**YOUR ASSIGNMENT:**
Write out all the data verbatim. Skip images.

**GIVEN INFORMATION:**
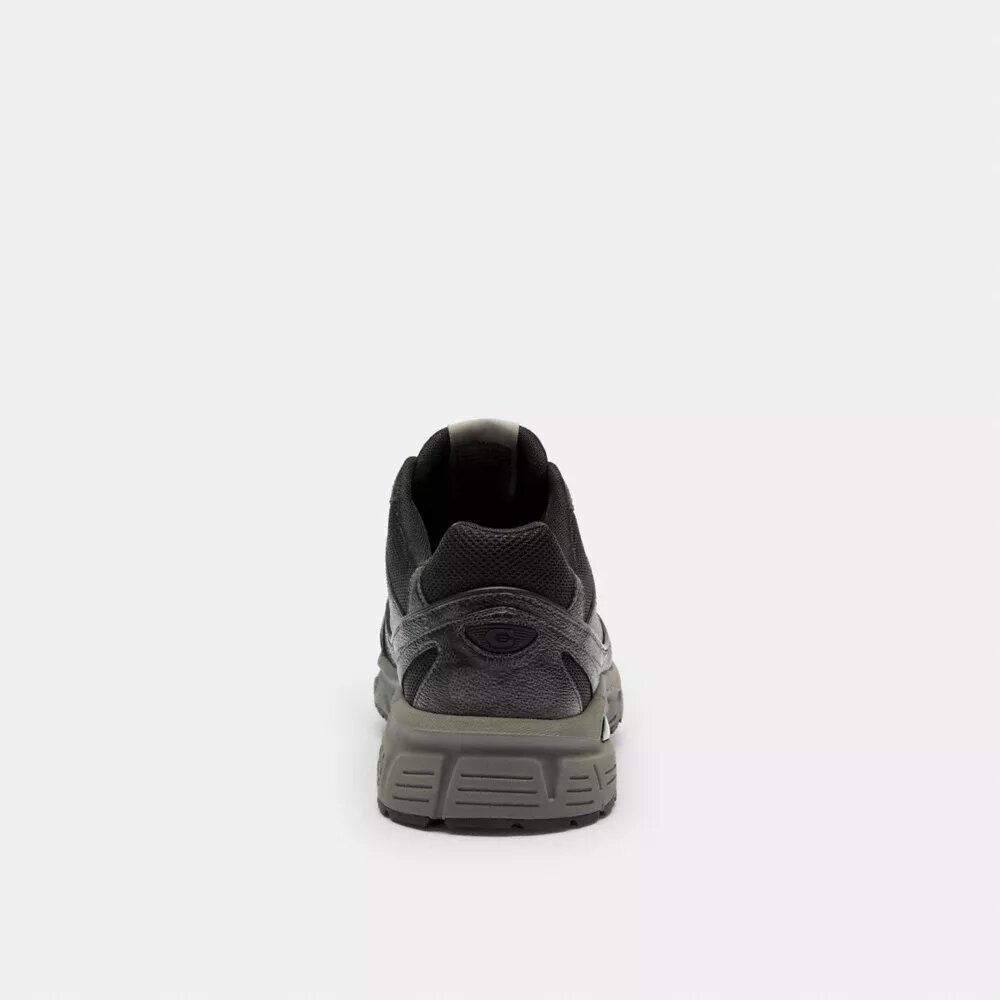 Baskets de sport en Signature Canvas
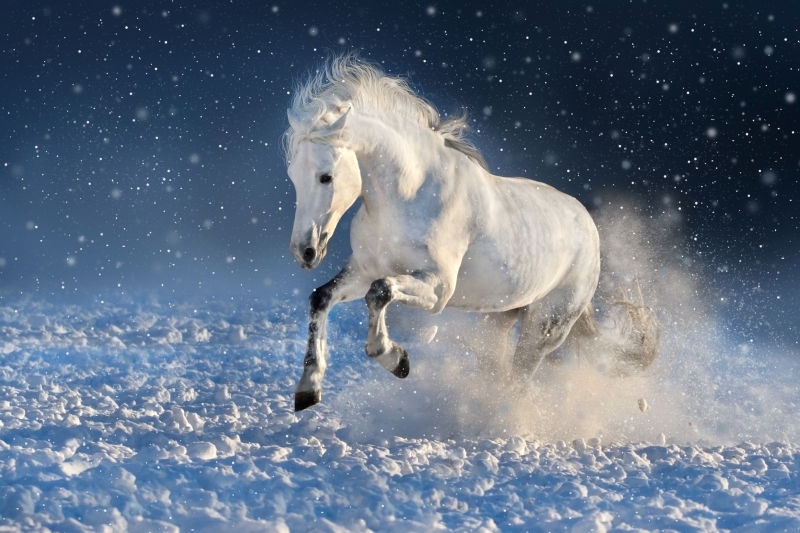 雪地奔跑的白马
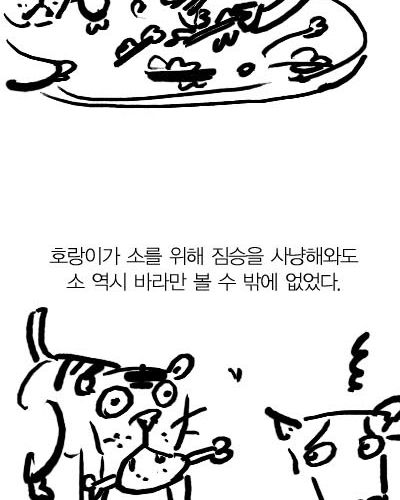 호랑이와 소.jpg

**ANSWER SPACE:**
 Baskets de sport en Signature Canvas
 雪地奔跑的白马
 호랑이와 소.jpg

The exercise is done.